It opens with a Martin solo at the piano, pleading about the complications of love: “Come up to meet you / Tell you I’m sorry / You don’t know how lovely you are.” Love, he suggests, will always be unexplainable by reason and logic: “Science and progress,” he sings, “do not speak as loud as my heart.” The band enters to build the song higher and higher, as Martin’s falsetto croons to the heavens.Įvocative and universal sentiments of love and freedom pervade most of Coldplay’s music, but the band have experimented with the packaging on each and every album. “Nobody said it was easy / No one ever said it would be so hard.” On the second single from A Rush of Blood to the Head, Martin touches us all on what is perhaps Coldplay’s most touching ballad. There’s the three-note atmospheric guitar riff, the arena-filling straight drum beat, and Martin’s introspective lyrics about your lot in life, expectations and realities aimed at everyone’s jugular: “In my place, in my place / Were lines that I couldn’t change / I was lost, I was lost / Crossed lines I shouldn’t have crossed.” Then, of course, comes the memorable chorus: “Yeahhhhhhhhhhhhhh, how long must you wait for it?” The Rush of Blood to the Head single went on to win Best Rock Performance by a Duo or Group with Vocal at the 45th Grammy Awards and become a fan favorite and live staple. It’s a hallmark Coldplay song that’s both grand and sweeping and deceptively simple and universally understood. 8 on the Billboard Hot 100 chart, notching the band’s first Top 10 hit in the U.S. It was the lead single from their third album, 2005’s X&Y, and was their most successful song to date, debuting at No. It’s built around another catchy, looping piano riff and its driving drums, waves of guitar and rising synths build to a peak that makes the listener feel like they’re floating at, well, the speed of sound. There won’t ever be another one like it.Like “Clocks” before it, this tune is prime mid-career Coldplay. “ For you I’d bleed myself dry.” That line, this song, deserves the world. It’s about blind romance, at once hopeful and resigned, that swears to remain true until death demands it to stop.

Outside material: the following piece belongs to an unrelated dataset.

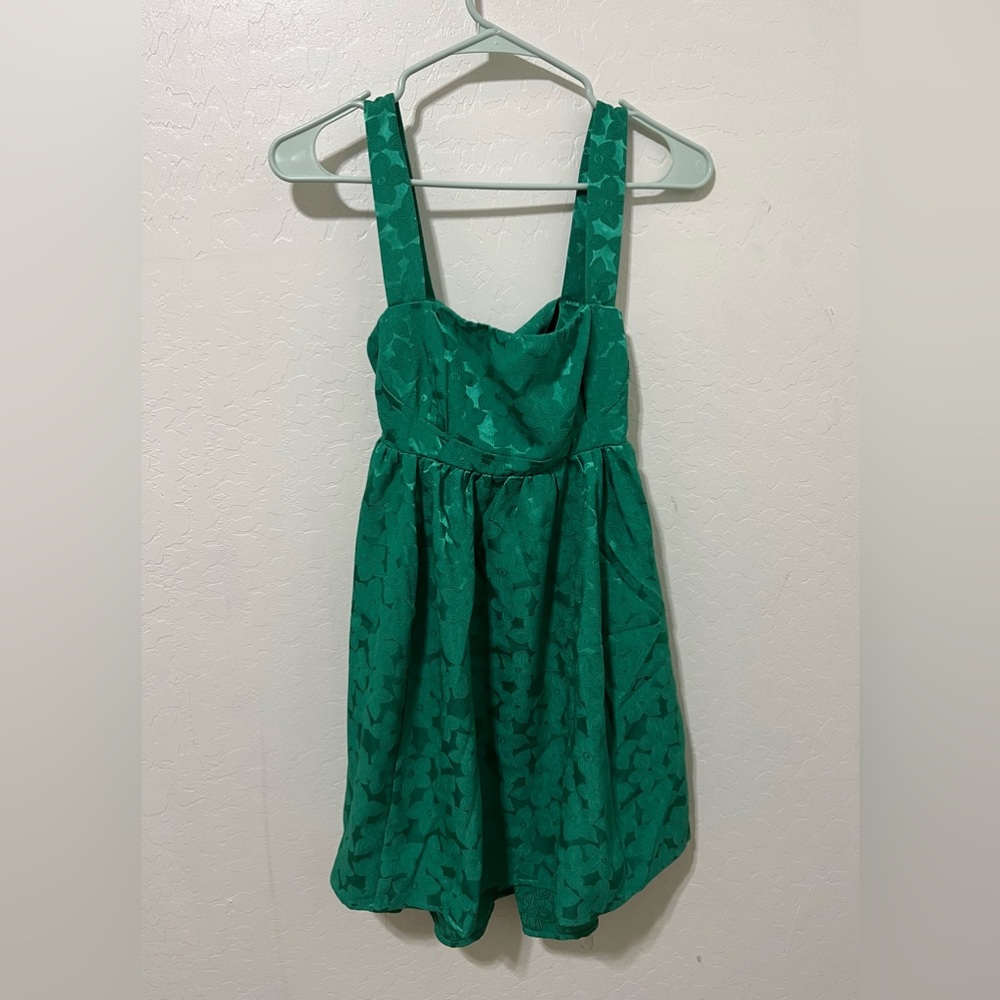 Lucy in the Sky dress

There might be other songs, more complex songs and less earnest songs, but from Coldplay, there is no better song. Here is devotion at its most unblinkered, a rock-solid promise, a supernova love letter. “ Look at the stars” held so much that the rest flowed like silk, the acoustic guitar swerving out of focus just when that overdubbed, historic central riff needed it to. A clear night’s sky and a simple, tranquil appreciation of it led to the opening line. Like so many masterpieces, ‘Yellow’ was born in a bolt of lightning. Why would you give away your most important secret? The story behind Coldplay’s most successful track, their best track, has kept changing since 2000, and probably always will. The phone directory that was lying on the table – they will never let you know. It could be about the colour of a coward. There are a million different truths about ‘Yellow’. With additional words from Andrew Trendell, El Hunt, Hannah Mylrea and Sam Moore Here then, ranked in order of greatness from worst to best, is Coldplay. Hidden tracks, however, are allowed and celebrated, as are charity and festive offerings. But we’ve banned all unreleased tracks, included no covers and counted nothing from ‘Los Unidades’ (which is probably for the best). Some criteria before we get going: instrumentals are allowed and included, as long as they are not purely transitional or recycling the loops of another full track. To celebrate 20 years since the release of their still-great debut album ‘Parachutes’ on July 10, 2000, behold: a full, colourful, impassioned ranking of every single Coldplay song to date.Ĭoldplay (Picture: Samir Hussein/Redferns/Getty)
From embracing indie rock to trying out nu jazz - and dipping their toes into electropop and EDM as well - they’ve also always been hungry to have a go at anything and everything when they get to it in the studio. When you come to appraise the 20+ years of Coldplay material on offer – music written by the four people who forced the world to invent new synonyms for “heartbreak” – a study of every single Coldplay track actually teases out much more nuance and variety than the straightforward moans and groans of some of the saddest guys in the business might suggest.Ĭomprising of Will Champion on drums, Jonny Buckland on guitar, Guy Berryman on bass and Chris Martin on vocals – and, when he fancies it, guitar, piano and whatever else he can find - Coldplay have often been cocky, sometimes political but always furiously fascinating.